Vehicle registrations will be recorded, checked against a database and then fine notices will be sent out to the registered keeper of the vehicle, along with photographic evidence.
The equipment and software will cost 73,000, with another 27,000 paying for a member of staff to process evidence and issue penalty charge notices.
Once set up, the council will have to pay an annual software licence fee of 4,000.
The council leader, Labour councillor Mehboob Khan, says the intention is not to generate cash but to reduce unsafe and illegal parking.
He said there was unmet demand from residents and shopkeepers for parking enforcement, particularly around schools and shops.
"This means more areas can be covered. Those who complain about indiscriminate parking can now have better services."
He denied it would be a good cash generator.
"We don't see this as something that will generate thousands of pounds of profit.

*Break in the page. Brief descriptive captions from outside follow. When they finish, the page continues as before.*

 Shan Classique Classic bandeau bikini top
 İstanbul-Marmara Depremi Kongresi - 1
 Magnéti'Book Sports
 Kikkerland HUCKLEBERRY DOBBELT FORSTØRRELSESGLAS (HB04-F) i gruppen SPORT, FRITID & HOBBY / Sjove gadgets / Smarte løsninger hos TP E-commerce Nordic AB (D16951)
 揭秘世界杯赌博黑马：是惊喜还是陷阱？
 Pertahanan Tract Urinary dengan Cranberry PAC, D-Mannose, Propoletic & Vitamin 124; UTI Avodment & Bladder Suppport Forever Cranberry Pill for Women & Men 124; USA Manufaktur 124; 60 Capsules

Rather, it will be a deterrent."
Coun Khan said Kirklees was a large area which meant it was difficult for wardens to police illegal parking.
A council report says the enforcement scheme could come in as early as April 1 this year.

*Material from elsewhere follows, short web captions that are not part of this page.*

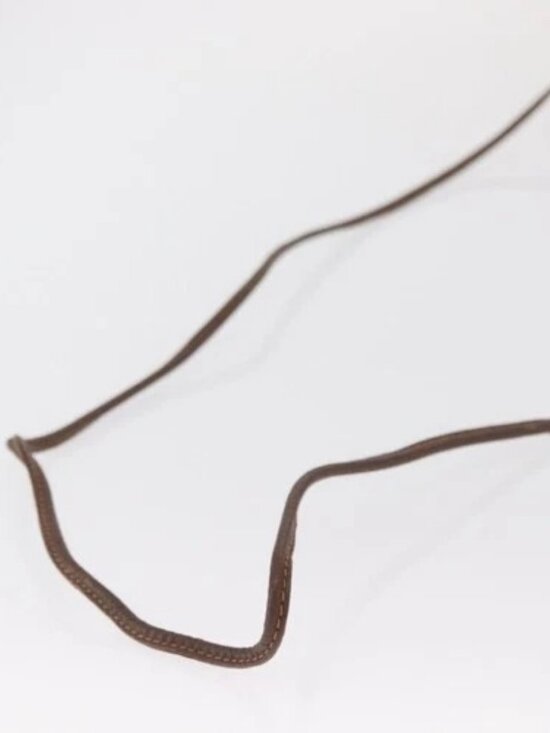 GUCCI GG Supreme Web Sherry Line Bag PVC Beige Gold 156 02 066 Auth BA10344 - Picture 7 of 15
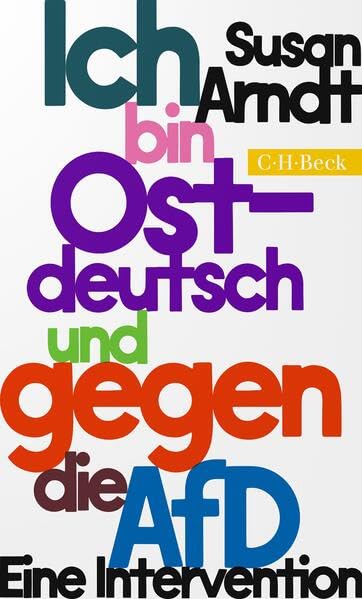 Ich bin ostdeutsch und gegen die AfD book cover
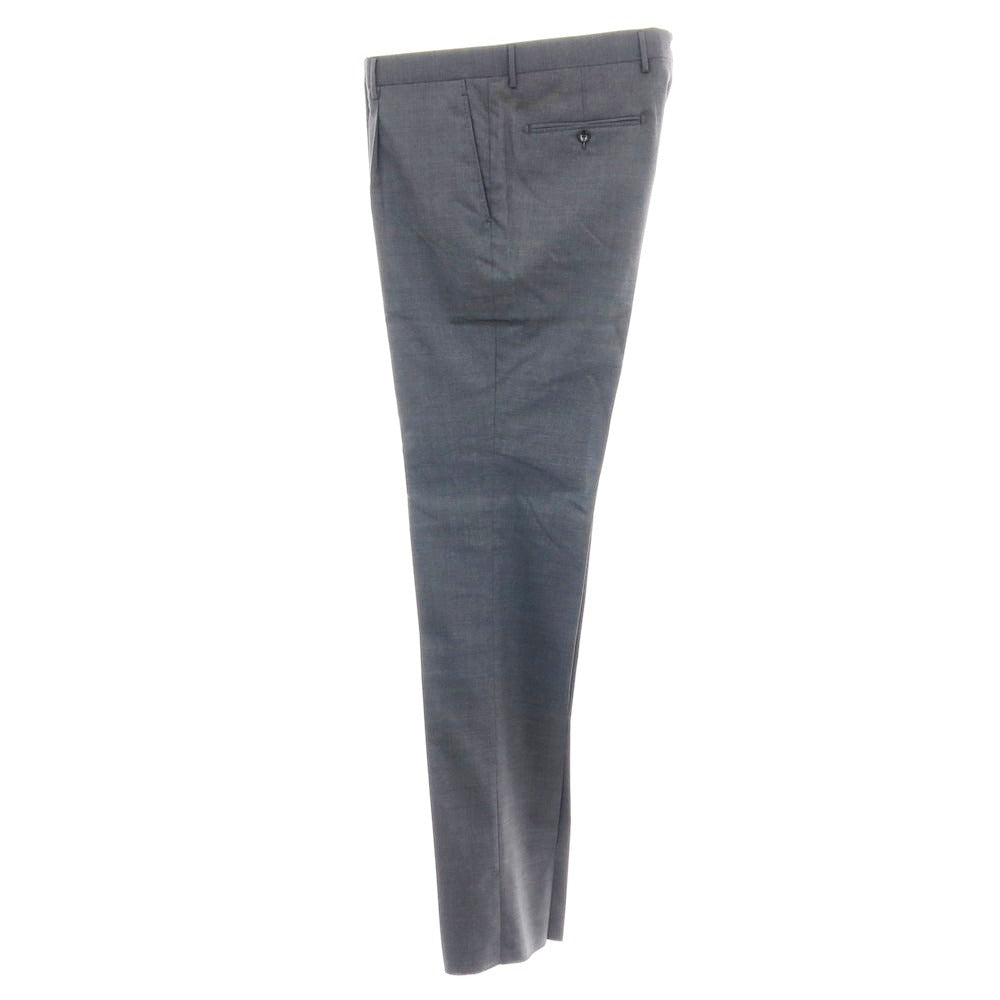 【新品】タリアトーレ TAGLIATORE ストレッチウール 2つボタンスーツ グレー【サイズ54】【 状態ランクN 】【 メンズ 】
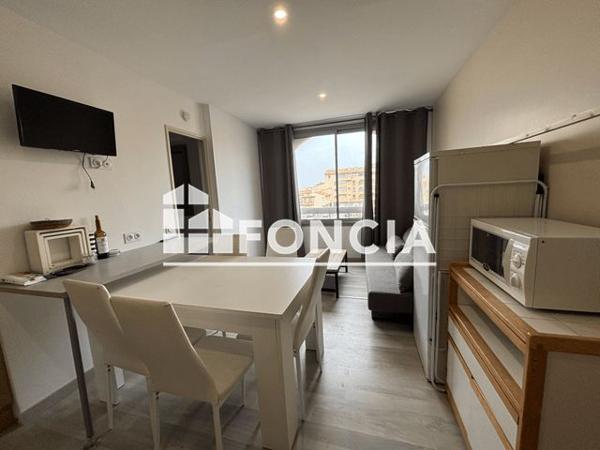 À vendre Appartement 2 pièces 22 m² - Port Leucate 11370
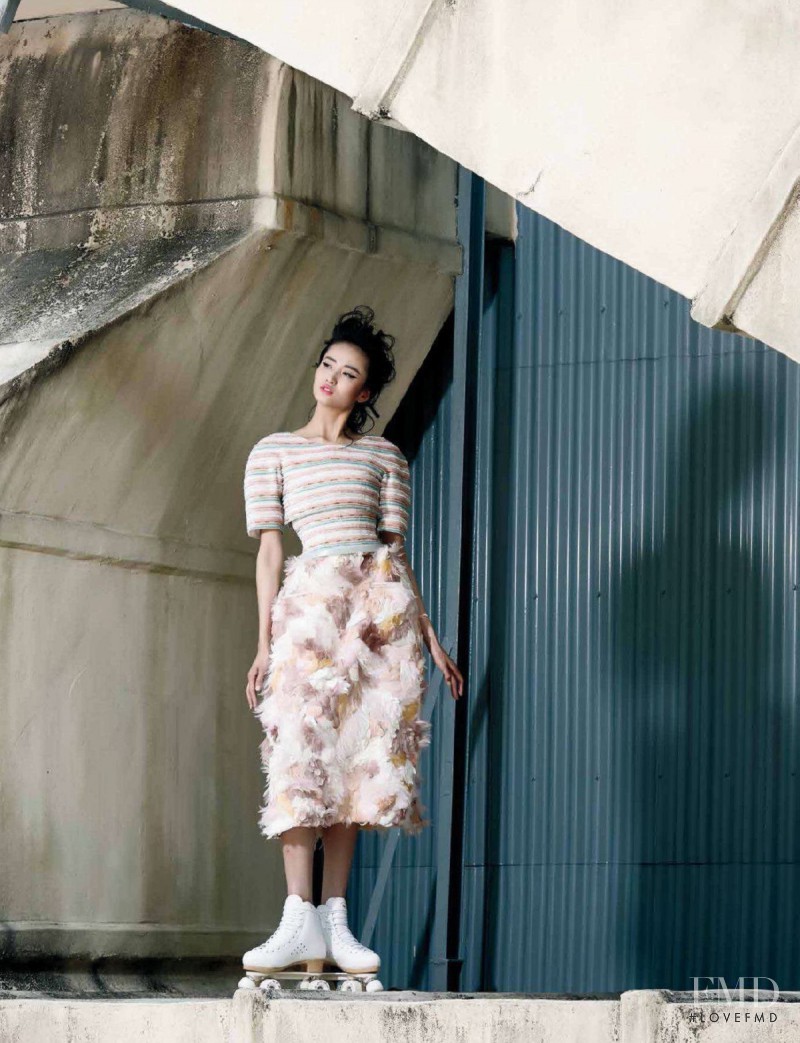 Xu Liu featured in Welcome To The Haute Planet, May 2014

The authority says it receives many requests from schools, parents, bus companies, taxi operators, cyclists and residents for enforcement of parking laws.
"Evidence confirms that illegal parking is most prevalent outside and around most schools although parking in bus stop clearways, cycle lanes, taxi ranks and on loading restrictions is also abused," says the report.
Conventional enforcement does not appear to be having a lasting impact and council officers are often preventing from issuing a ticket by a motorist driving off, according to the authority.
There are also an increasing number of locations where enforcement officers are subjected to threats and intimidating behaviour, particularly in the evenings and at weekends.
The council report, to be discussed by members of the Cabinet committee today, says that it is not possible to accurately forecast the income that will be generated through mobile camera parking enforcement.
"National and local experience indicates that when enforcement commences after a period of time general compliance with traffic regulation orders will improve."
The council believes that the mobile camera will bring in at least 100,000 in the first 12 months and so cover the set-up costs.
Other Kirklees councillors have backed the plans.
Councillor Peter McBride said: "I support the introduction of mobile parking enforcement and the benefits it will bring towards community safety and parking compliance.
"This initiative will also complement the council's investments into bus improvements made over the past few years."
Motoring organisations have given the plans a cautious welcome, but are concerned that it may become an easy way to generate extra cash.
A spokesman for the Association of British Drivers said: "We can't condone people parking illegally and if they want to enforce, we don't have a problem.
"The temptation may be to grab as much money as they can and motorists are an easy target."